In August 2009, the FASB issued ASU No. 2009-05, "Measuring Liabilities at Fair Value," which amends ASC Topic 820, "Fair Value Measurements and Disclosures."  ASU 2009-05 provides clarification and guidance regarding how to value a liability when a quoted price in an active market is not available for that liability.  The changes to the ASC as a result of this update are effective for the first reporting

 
7

 

period (including interim periods) beginning after issuance (October 1, 2009 for the Company), and adoption is not expected to have a significant impact on the Company’s Consolidated Financial Statements.
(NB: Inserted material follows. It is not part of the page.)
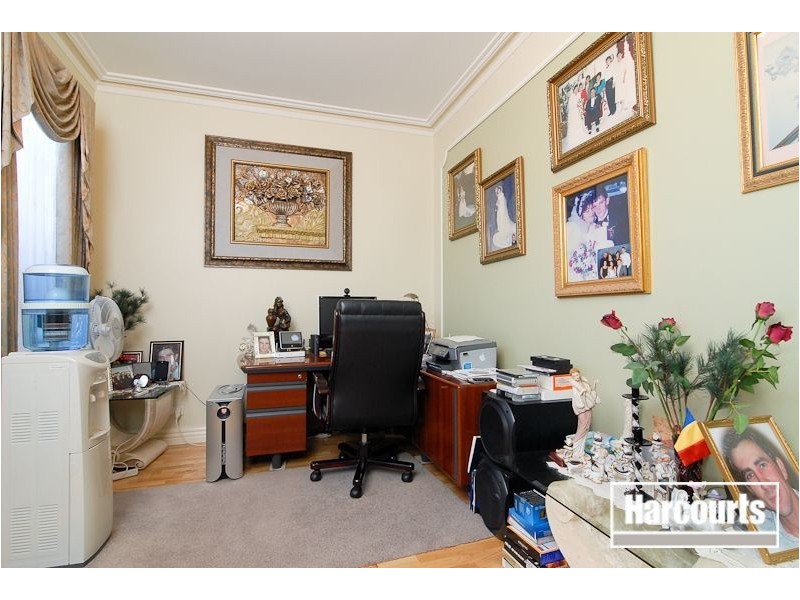 33 Champagne Grove, Narre Warren South VIC 3805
In June 2009, the FASB issued revised authoritative guidance related to variable interest entities, which requires entities to perform a qualitative analysis to determine whether a variable interest gives the entity a controlling financial interest in a variable interest entity.  The guidance also requires an ongoing reassessment of variable interests and eliminates the quantitative approach previously required for determining whether an entity is the primary beneficiary.  This guidance, which will be incorporated into ASC Topic 810, “Consolidation,” will be effective as of the beginning of an entity’s first annual reporting period that begins after November 15, 2009 (January 1, 2010 for the Company).  The Company is currently evaluating the potential impact, if any, of adoption on its Consolidated Financial Statements.
 
In December 2008, the FASB issued authoritative guidance requiring more detailed disclosures about employers’ postretirement benefit plan assets.  New disclosures include information regarding investment strategies, major categories of plan assets, concentrations of risk within plan assets and valuation techniques used to measure the fair value of plan assets.  This guidance, which was incorporated into ASC Topic 715, “Compensation – Retirement Benefits,” requires new disclosures only, and will have no impact on the Company’s Consolidated Financial Statements.  These new disclosures will be required for the Company beginning with its 2009 Annual Report on Form 10-K.

RECENTLY ADOPTED ACCOUNTING PRONOUNCEMENTS

In June 2009, the FASB issued authoritative guidance establishing two levels of U.S. generally accepted accounting principles (GAAP) – authoritative and nonauthoritative – and making the Accounting Standards Codification the source of authoritative, nongovernmental GAAP, except for rules and interpretive releases of the Securities and Exchange Commission.  This guidance, which was incorporated into ASC Topic 105, “Generally Accepted Accounting Principles,” was effective for financial statements issued for interim and annual periods ending after September 15, 2009.  The adoption changed certain disclosure references to U.S. GAAP, but did not have any other impact on the Company’s Consolidated Financial Statements.

In May 2009, the FASB issued authoritative guidance establishing general standards of accounting for and disclosure of events that occur after the balance sheet date but before financial statements are issued.  This guidance, which was incorporated into ASC Topic 855, “Subsequent Events,” was effective for interim or annual financial periods ending after June 15, 2009, and the adoption did not have any impact on the Company’s Consolidated Financial Statements.
 
In April 2009, the FASB issued authoritative guidance requiring publicly traded companies to include certain fair value disclosures related to financial instruments in their interim financial statements.  This guidance, which was incorporated into ASC Topic 825, “Financial Instruments,” was effective for interim periods ending after June 15, 2009.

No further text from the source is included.